Palaeontologist, geological consultant

This biography, written by A. G. Beu, was first published in the Dictionary of New Zealand Biography in 1998.

John Marwick was born at Maheno, near Oamaru, on 3 February 1891. He was the son of Hugh Marwick, an Orkney Islander trained as a wheelwright, and his wife, Jane Cuthbert. After attending Oamaru North School from 1896 to 1903 Jack Marwick enrolled at Waitaki Boys' High School. A set of fortuitous circumstances aroused an interest in geology. Because of a shortage of chemistry laboratories the rector, J. R. Don, began geology classes, and George Uttley, a well-known enthusiast of bryozoan invertebrates, taught at the school while completing his MSc on Oamaru geology. But perhaps the most important influence was fellow pupil Aubrey Horn. According to Marwick, Horn was the first to collect shells from the nearby Target Gully shell bed as fossils rather than fowl grit. Marwick helped with this and Uttley published the results. From Horn, he learned the rudiments of molluscan classification.

From 1907 Marwick was a pupil-teacher, and studied Latin and English as an extramural student at the University of Otago. In 1910 he attended the university and Dunedin Training College. He graduated MA with first-class honours in 1912, presenting a thesis on the geology of the Waihao Basin, South Canterbury. In 1910, while at training college, he met Marion Ivy Mary Keys. They were married at Mosgiel on 29 December 1915, by which stage Jack was teaching at Pleasant Point and Ivy at Herbert, North Otago.

Marwick applied for a position as palaeontologist in the Geological Survey of New Zealand in 1915, but no appointment was made because of the war. He entered the New Zealand Medical Corps training camp in Palmerston North in January 1916, and in June arrived in Egypt. He served as a medical orderly in the New Zealand Division in Egypt, Sinai, Palestine and Jordan, winning the Military Medal, and was kept on in Egypt until 1919. Back in New Zealand, in January 1920 he enquired in Wellington about the position as palaeontologist, was accepted, and on 5 May began work as an assistant geologist in the Geological Survey.

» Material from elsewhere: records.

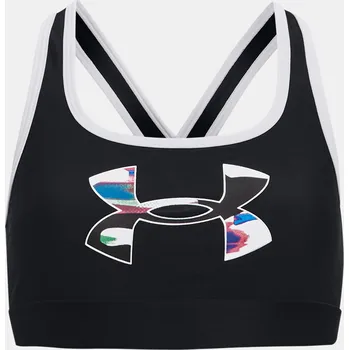 Dívčí spodní prádlo Dívčí podprsenka Under Armour G Crossback Graphic 1373867-001 Černá YLG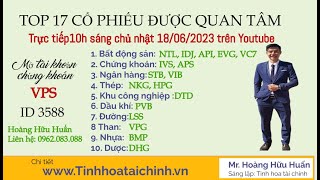 Top 17 cổ phiếu được quan tâm nhiều nhất Thị trường vẫn tiếp tục xu hướng tăng [upl. by Hgieleak674]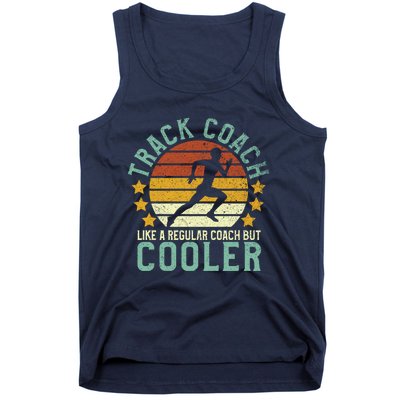 Track Coach | Funny Track and Field Running Coach Gift Tank Top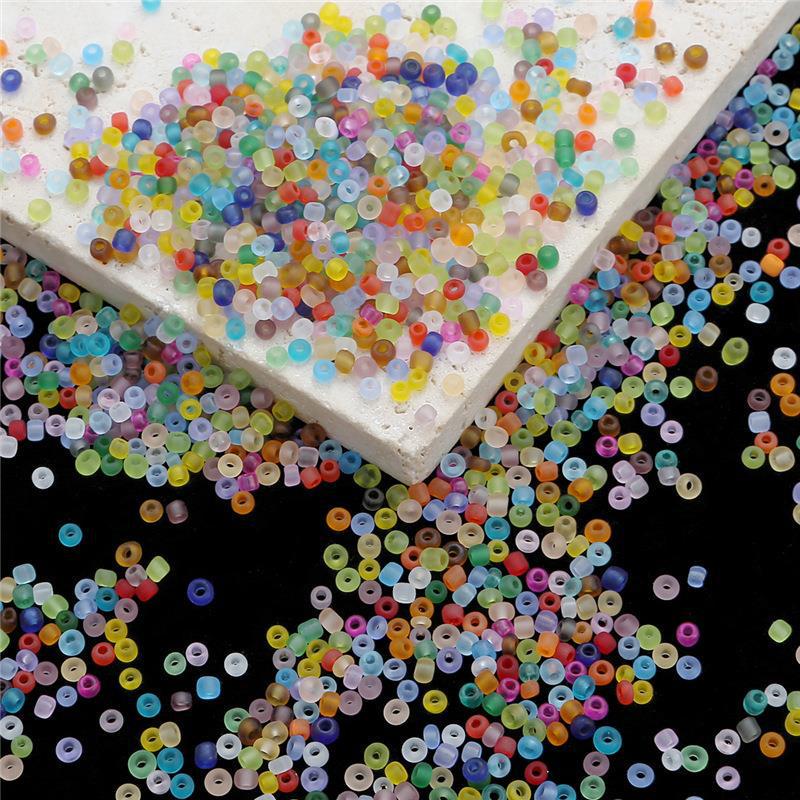 Frosted Transparent Rice Beads for DIY Bracelets, Necklaces, Hairpins, Tassels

Marwick's career was one of brilliant science combined with a genial, calm outlook on life. He was a lasting influence on all staff: a gentle, wise, but intellectually acute personality. Very early in his career he realised the lack of critical discernment and rigour in Henry Suter's work on molluscs of the Tertiary period, and utilised the research of northern hemisphere leaders in the field to recognise critical taxonomic characters in local fossils. He was to name nearly all the common fossils and many of the rarer ones at most New Zealand Tertiary localities. From the 1920s, as the sole Geological Survey palaeontologist, his research was directed towards the subdivision and correlation of the enormous basins of Tertiary rocks exposed in New Zealand. His research aided mapping geologists in their interpretation of structure, as well as facilitating projects such as the search for oil. His publications on molluscs contributed substantially to the understanding of Cenozoic-era correlations and environments, and he continued to carry out extensive work in this field for oil companies long after his retirement.

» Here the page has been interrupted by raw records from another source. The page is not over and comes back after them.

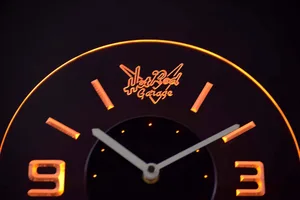 Hot Rod Garage Modern LED Neon Wall Clock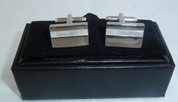 Silver with Band Cufflinks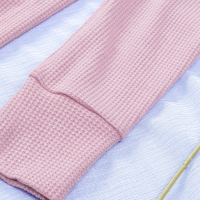 Дамска блуза в розово с дълъг ръкав и деколте с цип, снимка 10 - Блузи с дълъг ръкав и пуловери - 44597473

Marwick soon realised that molluscs were inadequate for classifying the basins of thick, deep-water mudstone. He realised New Zealand needed to adopt the technique used by oil companies overseas of correlating strata by studying the kinds of foraminifera (microscopic protozoans known as 'forams') they contained. He convinced Harold Finlay to work on forams rather than the molluscs in which he had previously been interested. For 15 years from 1937 they were colleagues in the Geological Survey. In 1940 and 1947 the incisiveness and brilliance of Finlay's foram work was combined with Marwick's steady, wise influence and wide knowledge of stratigraphy and molluscs to produce a local subdivision scheme of Cenozoic rocks that has persisted almost unmodified to the present day.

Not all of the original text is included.